F_{n+1}=Pool(BN(Conv(F_{n})))

f=AvgPool(F_m)

4. A classical Graf-based DDH ultrasound image artificial intelligence diagnostic system according to claim 2, wherein the fully connected layer performs a dot product by weight and feature vector, and obtains a value representing a confidence coefficient:

p’=Sigmoid(w*f)

5. A DDH ultrasonic image artificial intelligence diagnostic system according to claim 4, wherein the parameters in the sigmoid activation function are valued by a gradient descent method based on a loss function:

Loss=pLog(p’)+(1-p)Log(1-p’)

6. The classic Graf-based artificial intelligence diagnostic system for DDH ultrasound images according to claim 1, wherein the regressor locates the location information of key points in a standard cross-section by:

F^{i+1}=ReLU(BN(Deconv(F^{i})))

in the formula: f ^ i represents a feature diagram obtained through i deconvolution layers, reLU is an activation function, and Deconv represents an deconvolution layer;

s12: carrying out 1*1 convolution on the feature graph F ^3 obtained after 3 layers of deconvolution to obtain a thermodynamic diagram H' of each key point;

H(i,j)=exp{-((i-i’)^2+(j-j’)^2)/(2*δ^2)}

s14: the loss function is calculated using the thermodynamic diagrams H of the target and H' of the regressor output to optimize the neural network:

Loss=MSE(H,H’)

in the formula: MSE represents a mean square error function.
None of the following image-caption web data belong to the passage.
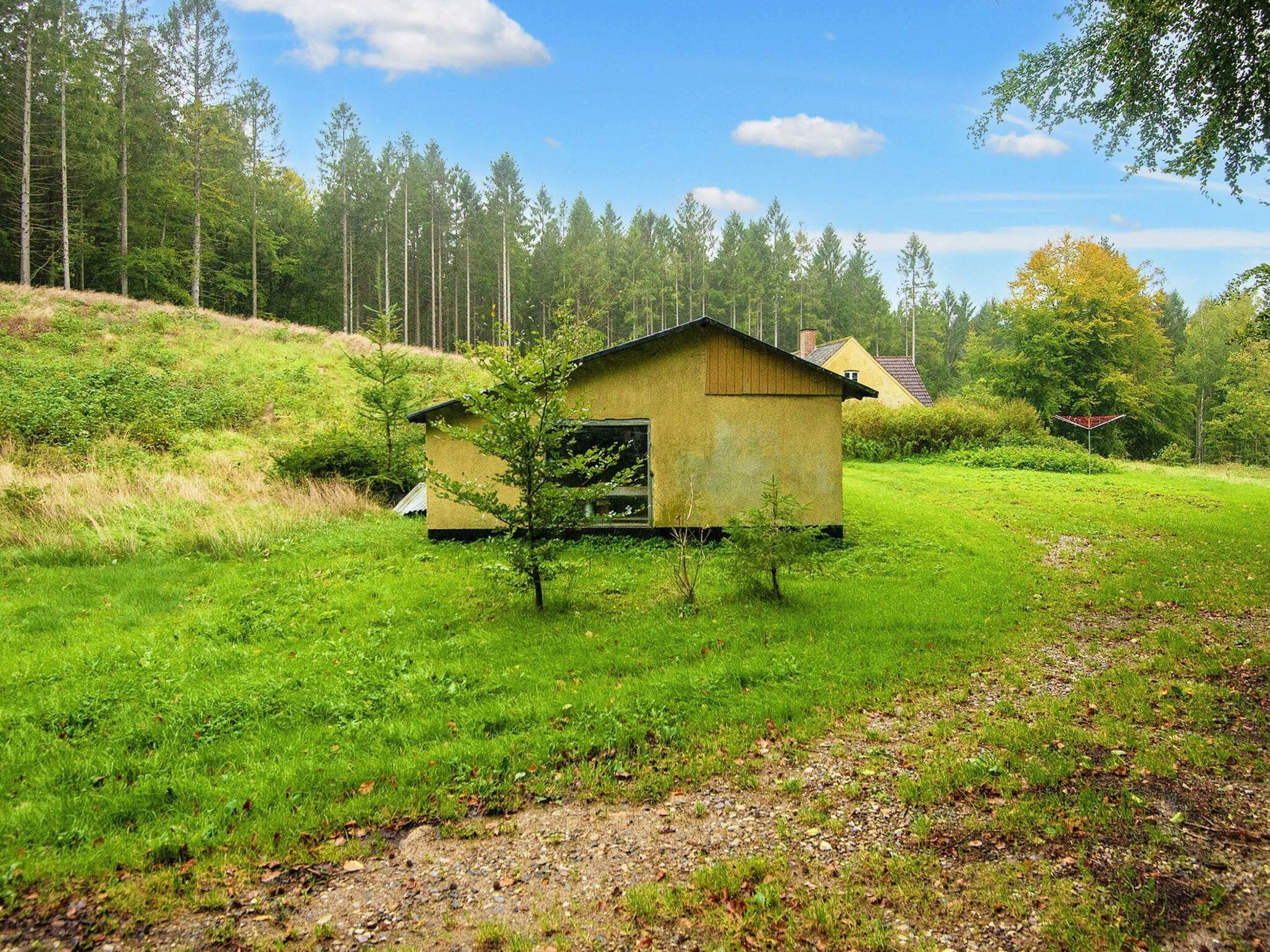 A small wooden cabin with a sloped roof, surrounded by a grassy field and dense forest.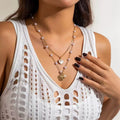 European and american cross-border jewelry: ocean-themed metal starfish and seashell necklace set with designer faux pearl chain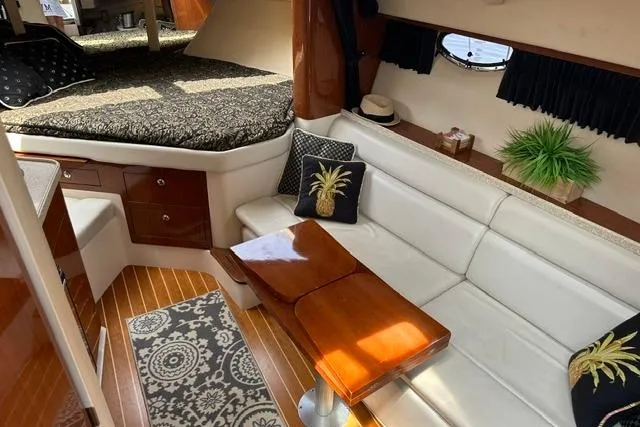Slide: The Image of Luxurious interior of 2005 Regal 3360 Window Express yacht with elegant seating and decor. - 18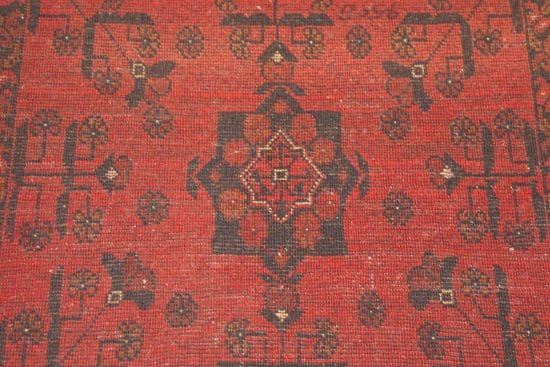 Handmade tribal area rug from Afghanistan with red and black colors. Rug size 3.6x5.1.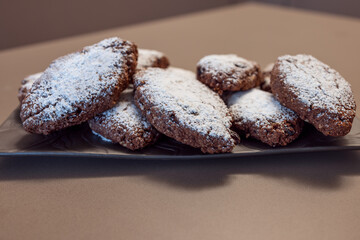 Rustic Pan dei Morti cookies with a focus on powdered sugar and dark tones, highlighting a cozy, traditional mood and artisanal texture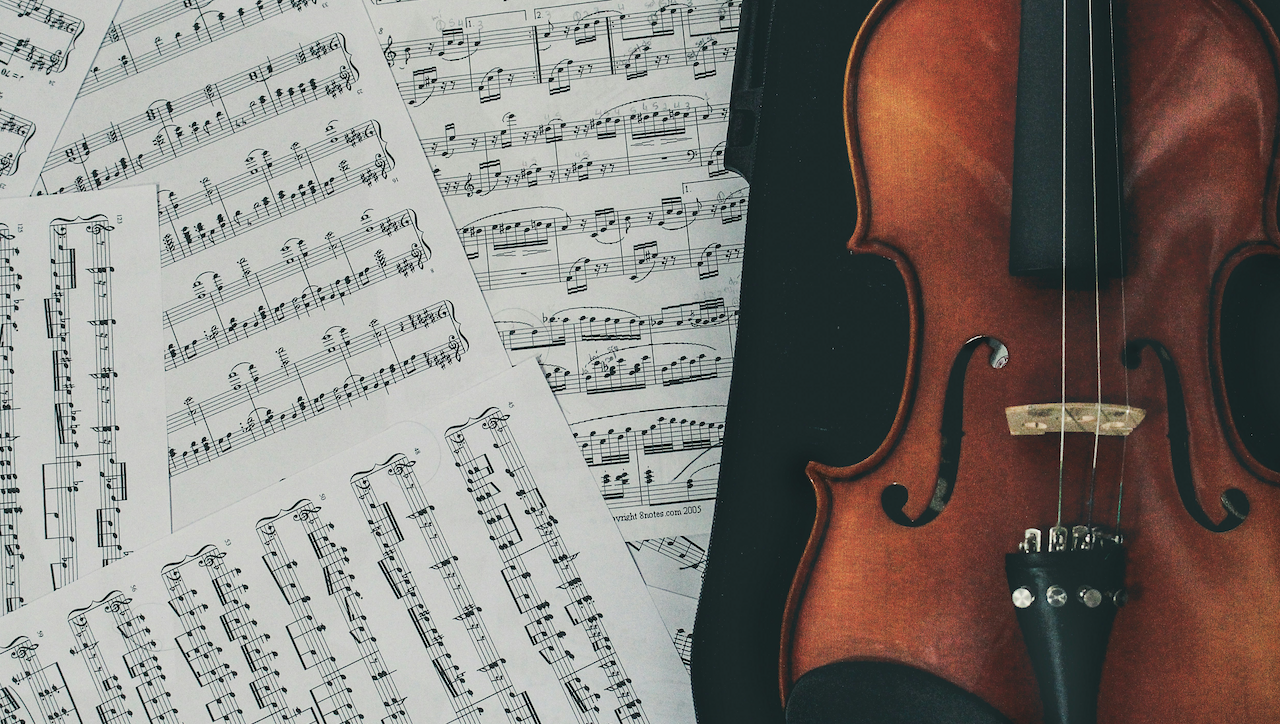Un violino di legno giace accanto a fogli sparsi di spartiti musicali. Le note musicali sono in inchiostro nero su carta bianca, creando un contrasto con i toni ricchi e caldi del legno del violino. La scena suggerisce un'ambientazione di musica classica.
7. A classical Graf-based DDH ultrasound image artificial intelligence diagnostic system according to claim 1, wherein the cartilage apex line angle α is an angle between a base line and a cartilage apex line, the bone apex line angle β is an angle between a base line and a bone apex line, the base line is a straight line where a perichondrium apex and an iliac margin point are located, the bone apex line is a straight line where a lowest iliac point and a bony acetabulum apex are located, and the cartilage apex line is a straight line where a turning point where a cartilage apex is concave-convex and a center of labrum are located.
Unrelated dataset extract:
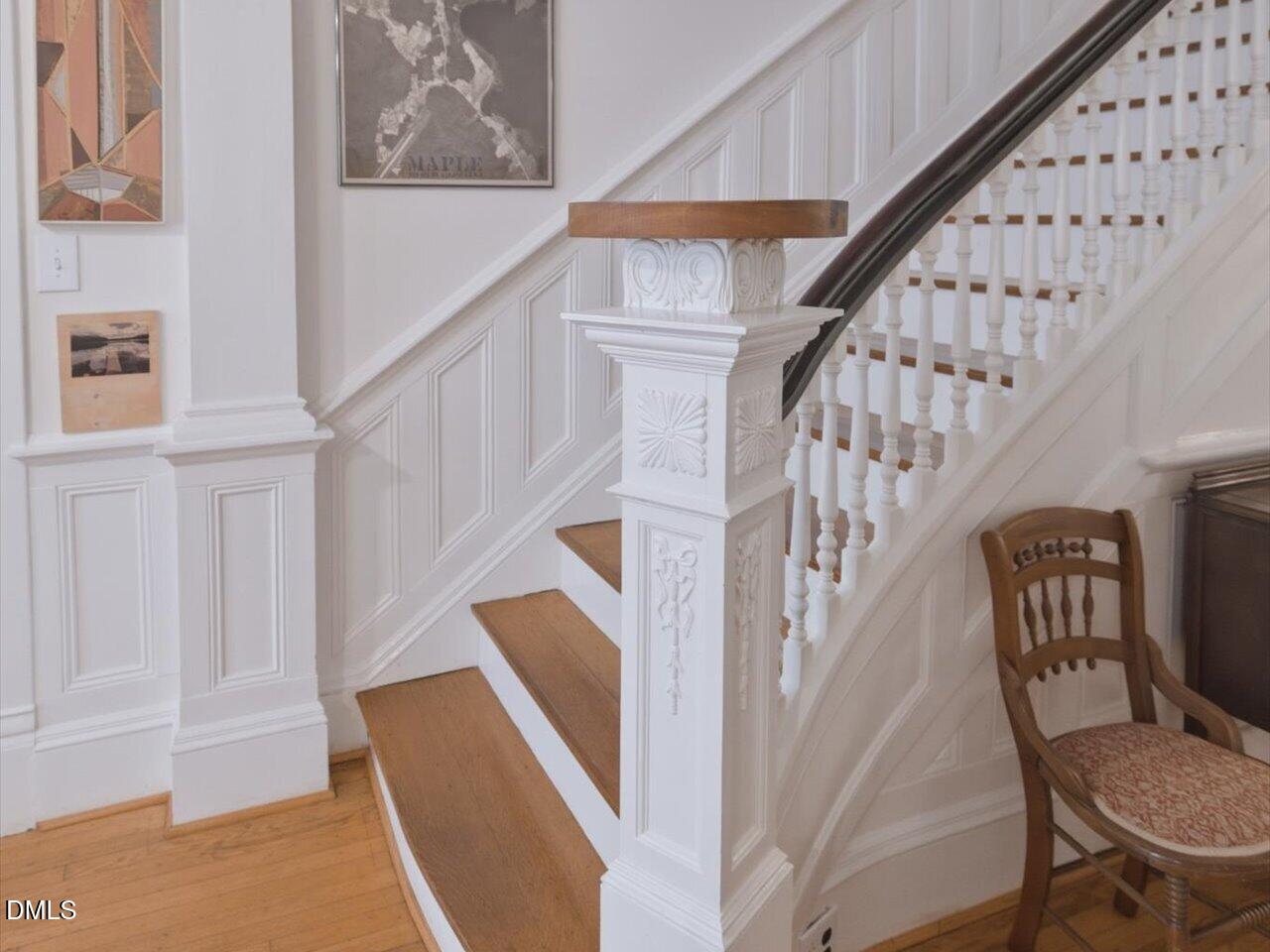 215 Hillcrest Road Raleigh, NC 27605 - Photo 65 of 97 a view of entryway with wooden floor and stairs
8. The diagnostic method of a classic Graf-based DDH ultrasound image artificial intelligence diagnostic system of any of claims 1-7, wherein the method steps are as follows:

s21: the classifier extracts and codes the features of the feature images intercepted from the ultrasonic images;

s22: the classifier performs pooling operation on the coded feature images to convert the coded feature images into feature vectors;

s23: the classifier judges whether the feature image is a standard section or not after passing through the full connection layer by the feature vector;

s24: up-sampling the characteristic image which is judged to be the standard section in the S23;

s25: convolving the up-sampling result by 1*1 to obtain a thermodynamic diagram, and performing weighted projection on a response value on the thermodynamic diagram to obtain the position information of the final key point;

s26: and calculating a cartilage vertex line included angle alpha and a bone vertex line included angle beta required by the Graf method by using the position information of the key points, and judging the grade of the DDH.

9. A processing device comprising a memory and a processor, the memory having stored therein at least one instruction, the at least one instruction being loaded and executed by the processor to implement the method of claim 8.

10. A computer-readable storage medium having stored therein at least one instruction which is loaded and executed by a processor to perform the method of claim 8.